Using the records below, copy exactly the part that opens with the line holding "9.2 用对立统一观点看问题(2017最新)_第1页" and closes with the line holding "性能向上認定申請の流れ", minus the pictures.

> _Data shown_:
════════════════════
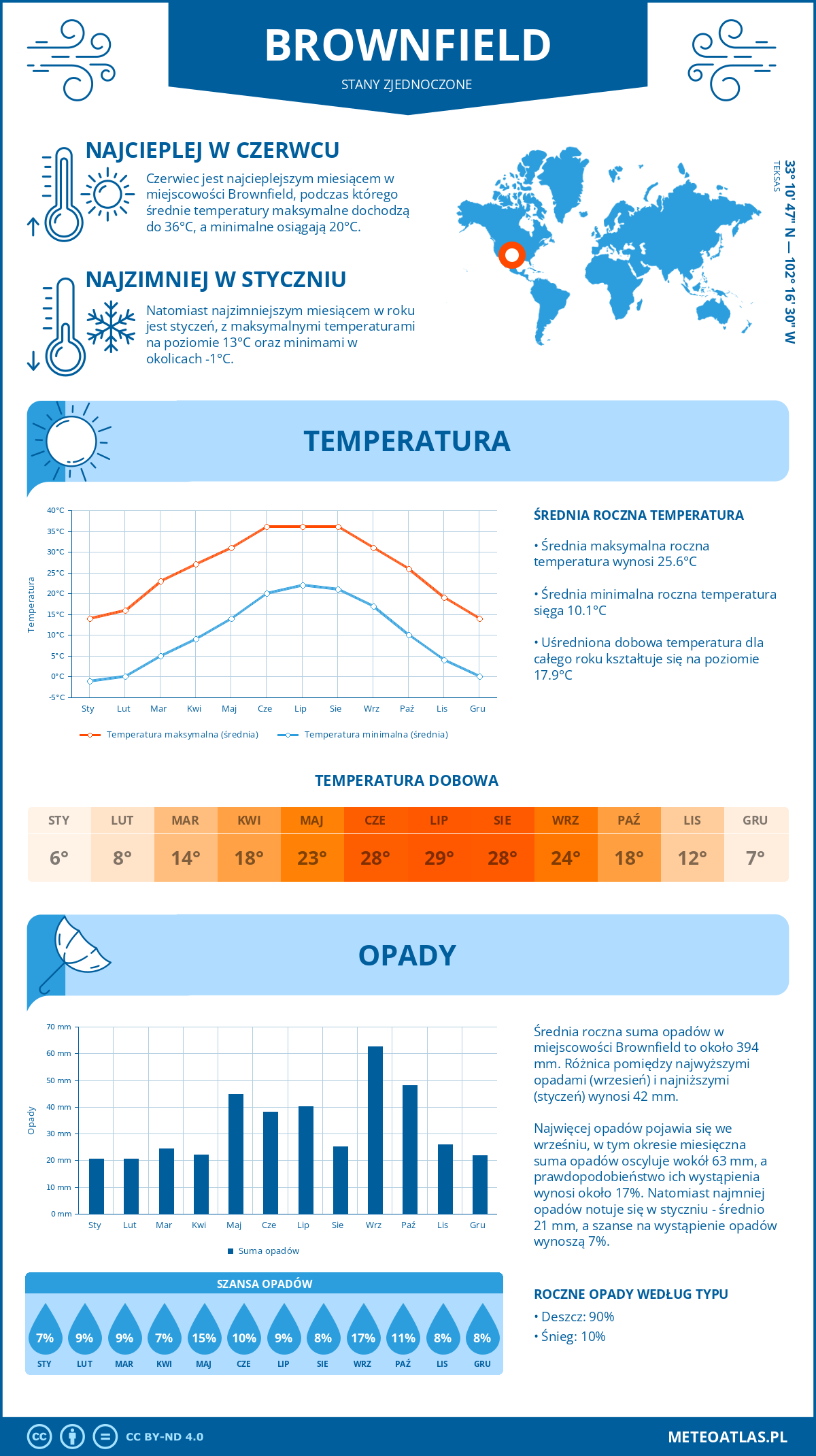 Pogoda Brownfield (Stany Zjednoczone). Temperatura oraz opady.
════════════════════
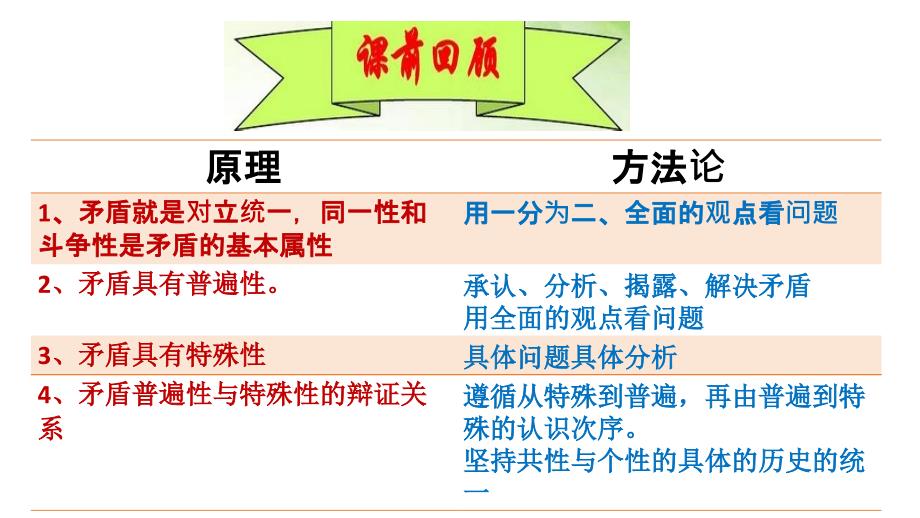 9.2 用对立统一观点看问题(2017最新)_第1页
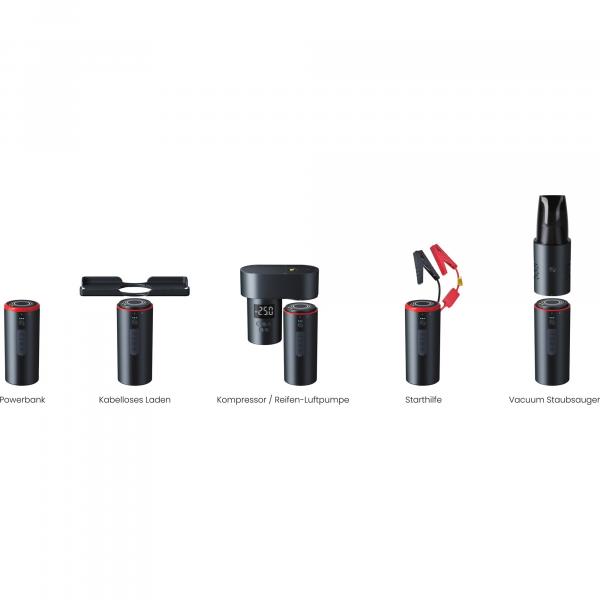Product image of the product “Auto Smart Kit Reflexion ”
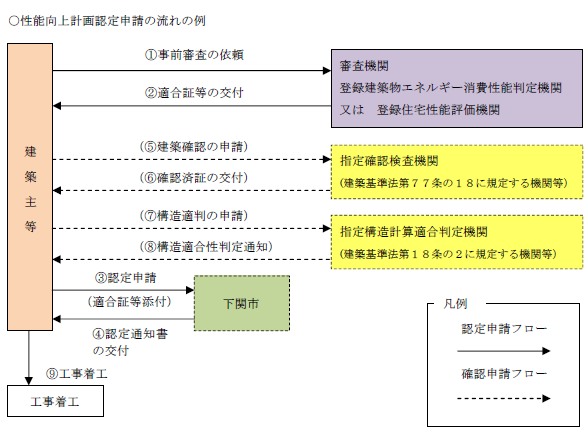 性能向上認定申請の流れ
════════════════════
> _Output below_:
 9.2 用对立统一观点看问题(2017最新)_第1页
Product image of the product “Auto Smart Kit Reflexion ”
 性能向上認定申請の流れ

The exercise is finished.